#2 daughter and #1 son were both working yesterday,and may have to work all week. The weather reports are daunting. Delays in #2 daughter’s invitations and passport are threatening. My husband is responding to all talk of my taking the kids on a road trip without him with odd barks like, “Where?!” and “When?!”
It seems entirely possible that our road trip vacation will shrink down to a weekend.
Yesterday, I strolled over to the Prayer Shawl Ministry meeting. I am normally at work when these meetings are held, so I did not realize that they go on for four hours. Yep. Four hours of knitting and talking. You can get a lot of both done in that length of time. Birth, school, work, marriage, death, computers — we pretty much got to every subject but politics.

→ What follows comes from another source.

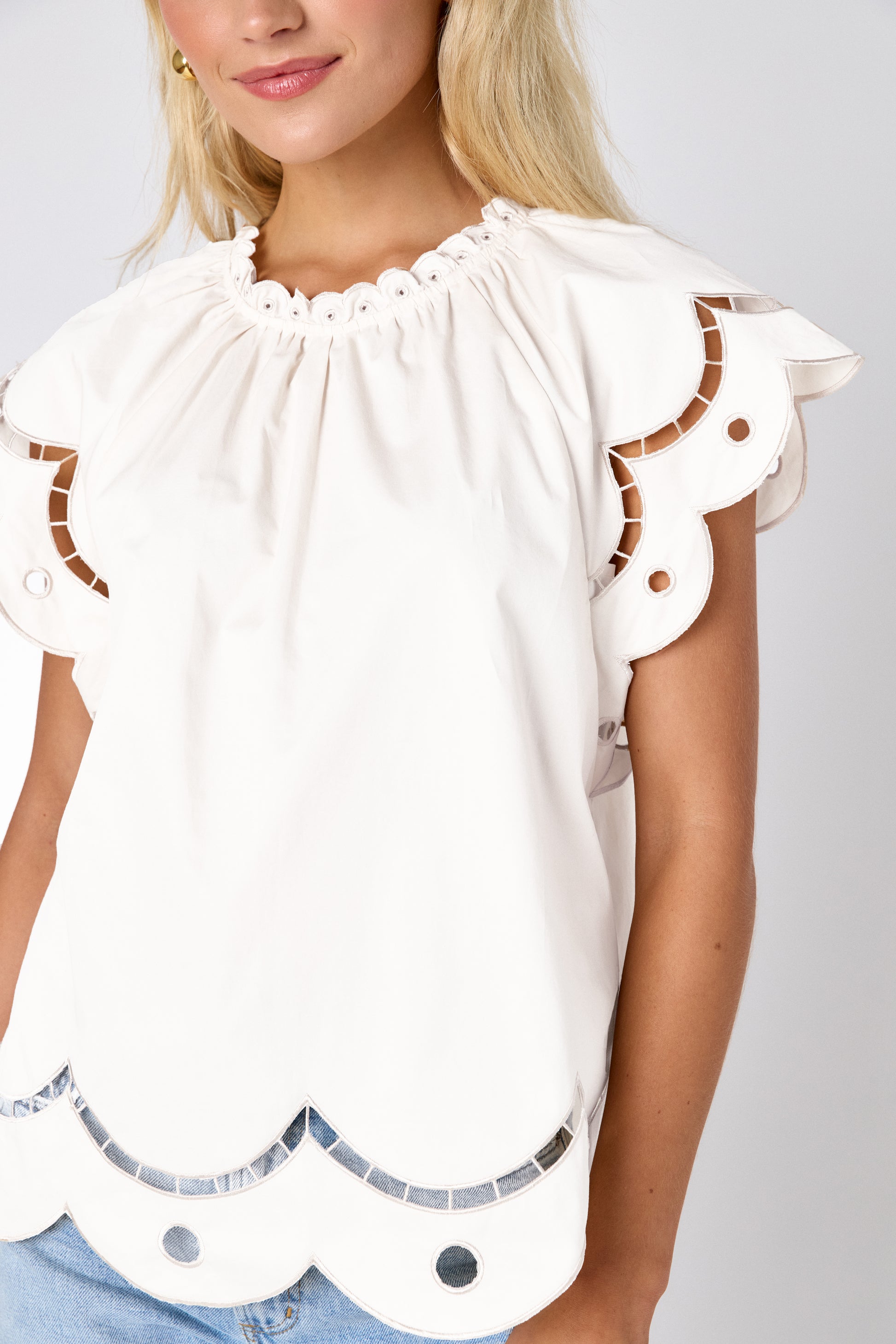 Cream raglan style short sleeve top with fagoting and scallop details on model — CROSBY by Mollie Burch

And one of the ladies gave me that old dishcloth pattern with the eyelets which I guess everyone but me already knew. I am looking forward to making a few of those some sweltering summer day when my kitchen needs some retro chic.
Actually, I nearly left before the others arrived. Being a punctual person, I was there at a few minutes before ten, and the rest sauntered in at about ten past, as I was wondering whether they had cancelled the meeting because of spring break. Apparently, they know the real time the thing begins.
I was knitting my prayer shawl, of course, and had also picked up a book to read while waiting. It was The Methodist Primer. This book was, we decided once we had all looked at it, given to new church members in the 1960s, and a copy had been hanging around ever since. The ladies were inclined to laugh at it. I was interested, though. I am always interested in history and philosophy anyway, and in particular, now that I have joined the Methodist church I want to know what it is that distinguishes Methodists from the other mainline Protestants. I told them that I could tell they were a fun and relaxed church, but wanted to be sure there weren’t any surprising doctrines.
“Like naked chanting?” offered one of the ladies.
“Oh, I think I would have noticed naked chanting. I’m in the choir.”
“Only if it took place here in the sanctuary. There could be private naked chanting.”
“Actually, The Methodist Primer here — ” and I held it up “says that ‘it is conduct, not creed’ that distinguishes Methodists from Episcopalians.”
The ladies were silenced by that. They mulled it over a bit. They said they had always heard good things of the Episcopalian church down the road, and I quickly agreed with them.
“I think,” ventured one, “it’s the Catholics who throw you out for naked chanting.”
Then I strolled back home. “Strolled” might suggest something different from the actual experience, which featured piercing winds and lots of mud underfoot.
But, having reached my home, I sat in front of the fire and knitted and read.
Just as “strolling to the church” might put you in mind of some bucolic ramble — and I guess it is that, what with the horses and freshly blooming redbuds and all — but you must mentally add the cold and damp and the wind, the image of sitting by the fire with a book and some knitting might sound peaceful. You must add the backdrop of video games. Basketball, in particular, and that is better than “Vice City” or whatever it’s called, so I am not complaining. Then you also have to add rock music. And frequent calls for food. And, once #1 son got home, rassling.
#2 daughter and I pulled out a calculator at one point and figured up the area of the production of the first ball of Luna, and the area of the eventual sweater, and it seems likely that I will run out of yarn. This will add suspense to the otherwise peaceful day I have planned.
At the moment, the major challenge is winkling #2 daughter out of bed to go to the gym before she takes my car to work. Our gym has been closed for a week to install new equipment, and we have not been working out diligently at home, so I don’t want to miss another day.
Perhaps I will go now and tickle her.